Vilnius dio una segunda cabezada hacia delante, como si estuviera a punto de ser dominado ya por una fuerza hosca. Últimamente, todo el mundo quiere hipnotizarme, pensó no sin humor.

—¿Hamlet?

¡Pero bueno! ¿Y esa insistencia? No había ya duda alguna de que su padre, por muy débiles que anduvieran sus fuerzas, gozaba interrumpiéndole incluso los momentos divertidos.

3

«Uno nunca sabe quién es. Son los demás los que le dicen a uno quién y qué es. Te explican tantas veces quién eres y de formas tan distintas, que al final uno acaba por no saber en absoluto quién es. Todos dicen de ti algo diferente. Incluso uno mismo está siempre cambiando de opiniones. Si a eso añadimos que uno se esfuerza por sorprender a los otros siendo varias personas al mismo tiempo, lo que en verdad acaba sucediendo es que terminamos no teniendo ni la menor noción de quién somos o podríamos haber sido.» (Juan Lancastre,
La interrupción
.)

4

—Perdona que te interrumpa, pero es ya toda una evidencia que estás boicoteando el tiempo que pensábamos dedicarle esta noche a tu padre. En todo caso, por nosotros, puedes seguir en las ramas de Hollywood. Porque es ahí dónde estabas ahora, ¿verdad Vilnius? —intervino Montse muy cauta y con una sonrisa amable.

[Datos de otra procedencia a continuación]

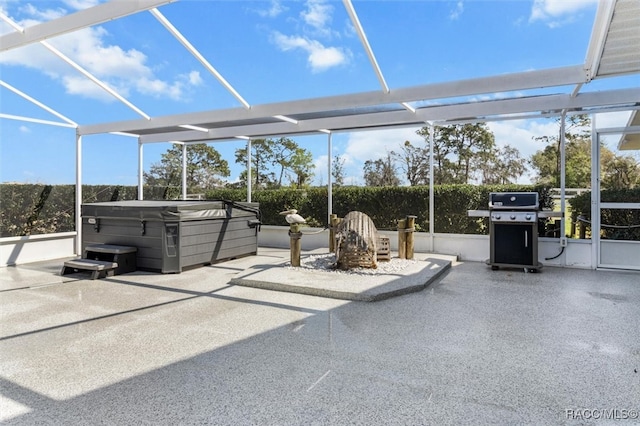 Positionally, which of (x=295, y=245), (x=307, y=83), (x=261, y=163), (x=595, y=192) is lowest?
(x=295, y=245)

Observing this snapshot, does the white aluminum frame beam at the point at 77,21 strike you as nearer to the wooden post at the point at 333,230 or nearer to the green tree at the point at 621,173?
the wooden post at the point at 333,230

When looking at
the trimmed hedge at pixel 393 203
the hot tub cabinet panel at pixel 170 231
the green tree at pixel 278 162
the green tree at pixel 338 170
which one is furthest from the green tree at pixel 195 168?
the hot tub cabinet panel at pixel 170 231

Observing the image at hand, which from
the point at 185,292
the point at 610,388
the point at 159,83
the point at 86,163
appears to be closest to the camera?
the point at 610,388

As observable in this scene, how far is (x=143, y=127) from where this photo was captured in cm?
744

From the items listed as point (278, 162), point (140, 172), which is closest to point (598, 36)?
point (278, 162)

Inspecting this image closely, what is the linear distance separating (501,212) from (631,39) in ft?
9.78

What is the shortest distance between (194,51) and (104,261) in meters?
3.42

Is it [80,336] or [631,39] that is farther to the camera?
[631,39]

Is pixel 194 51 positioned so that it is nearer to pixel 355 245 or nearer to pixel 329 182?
pixel 355 245

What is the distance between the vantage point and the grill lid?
592cm

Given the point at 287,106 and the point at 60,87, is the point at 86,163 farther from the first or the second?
the point at 287,106

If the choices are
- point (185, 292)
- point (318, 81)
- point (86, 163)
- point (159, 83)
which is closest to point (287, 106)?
point (318, 81)

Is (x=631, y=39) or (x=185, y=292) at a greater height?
(x=631, y=39)

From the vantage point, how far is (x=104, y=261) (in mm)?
5934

—Bueno, lamento el coloquio que le he robado a mi padre en el tiempo —Vilnius se hizo un lío al decir esto, quizás porque aún conservaba señales del ovillo mental que se le había infiltrado durante la pausa—. Perdón, quiero decir que lamento haberle robado tiempo a Lancastre en este coloquio. Pero quiero que sepáis que de algún modo, lo digo en varios sentidos, él no ha dejado ni un segundo de estar presente en lo que os he contado. En el fondo, a mi padre ahora lo conocéis más que cuando entrasteis aquí. Y es que estoy seguro de que se le ve mejor cuando se le observa desde un punto de vista no central, preferiblemente lateral…

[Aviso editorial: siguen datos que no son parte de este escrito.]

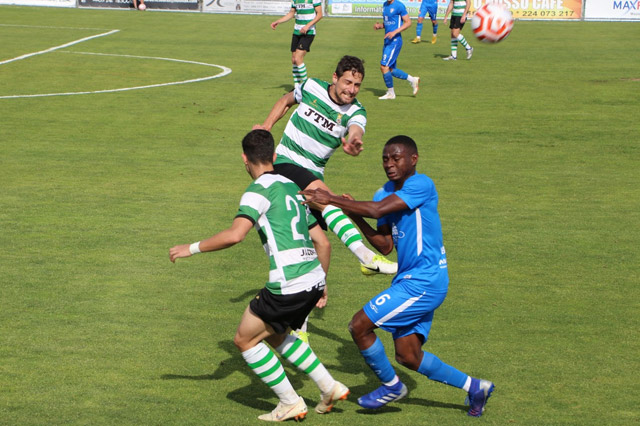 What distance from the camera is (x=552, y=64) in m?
27.1

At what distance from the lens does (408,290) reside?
6320 mm

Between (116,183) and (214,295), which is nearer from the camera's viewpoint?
(214,295)

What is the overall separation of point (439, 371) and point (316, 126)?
3157 millimetres

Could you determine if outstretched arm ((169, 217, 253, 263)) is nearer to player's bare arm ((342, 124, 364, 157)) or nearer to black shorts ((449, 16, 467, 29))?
player's bare arm ((342, 124, 364, 157))

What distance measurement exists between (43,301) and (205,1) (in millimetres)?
35216

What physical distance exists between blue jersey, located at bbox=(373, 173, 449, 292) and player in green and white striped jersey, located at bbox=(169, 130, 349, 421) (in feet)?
2.24

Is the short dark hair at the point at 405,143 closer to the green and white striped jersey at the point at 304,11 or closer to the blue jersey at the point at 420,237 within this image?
the blue jersey at the point at 420,237

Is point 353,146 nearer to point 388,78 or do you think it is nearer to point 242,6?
point 388,78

—¿Lateral? —sonrió Montse.

—Sesgado, esquinado. Su familia era el aire, lo dijo él en alguna ocasión. Mi padre siempre fue una mezcla de muchas voces y recuerdos, de muchas personas muertas y de algunas también vivas… Y en cuanto a eso de que yo estaba en las ramas de Hollywood…

—Ha sido un decir.

—Claro, Montse. Pero no estaba allí en Hollywood exactamente. Pero es verdad que lo paso bien recordando ese viaje tan reciente, recuerdo tantas cosas que hasta me acabo de acordar ahora mismo de que conocí allí a un tipo que hace años que prepara una biografía exhaustiva de Mankiewicz. Es alguien que me gustó conocer. Me recordó a mi abuelo paterno, no sé por qué. Hablando con él caí en la cuenta de que alguien podría hacer una buena tesis acerca de la importancia de la obra de Mankiewicz en el mundo de mi padre. ¿Veis cómo no le niego al gran Lancastre el protagonismo de esta reunión?

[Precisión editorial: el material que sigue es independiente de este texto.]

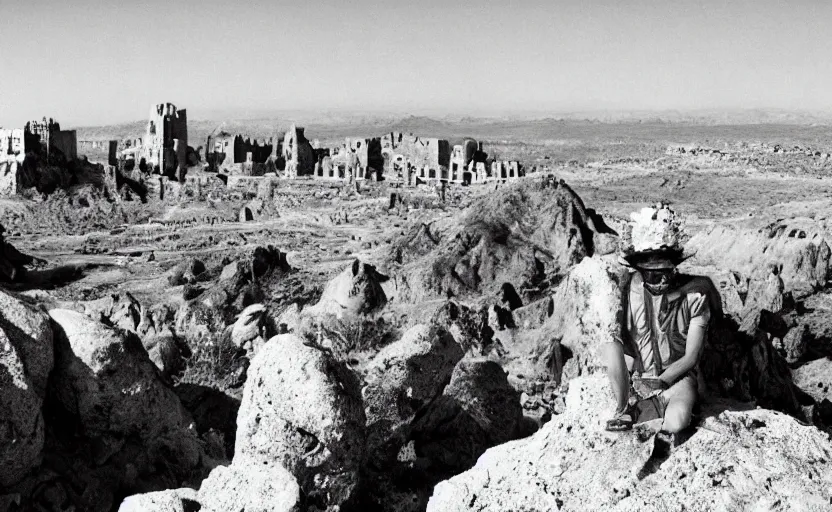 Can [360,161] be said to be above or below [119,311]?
above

—No hay duda de que los aquí presentes tomarán buena nota de esto. ¿Algún interrumpidor se ha planteado ya ese tema de la influencia de Mankiewicz en la obra de Lancastre? —preguntó Montse sabiendo perfectamente que nadie se había planteado algo así.

Nadie allí se había preguntado nada de todo eso.

—Puedo deciros —prosiguió Vilnius— que mi padre se acordaba hasta del cine de Barcelona, el Astoria, en el que de niño había visto un tráiler de
Julio César
, película de Mankiewicz en la que actuaba Marlon Brando. A mi padre le quedaron grabados aquellos minutos medio entrevistos de la tragedia de Shakespeare. Un año después, en el mismo cine, desde el mismo butacón de uno de los palcos de la primera planta del Astoria, le quedaría grabado otro tráiler, el de
La condesa descalza
, la siguiente película de Mankiewicz. Los dos resúmenes de estos films despertaron tanto su interés que esperó como un loco a crecer para poder ver íntegras esas dos películas no aptas para menores.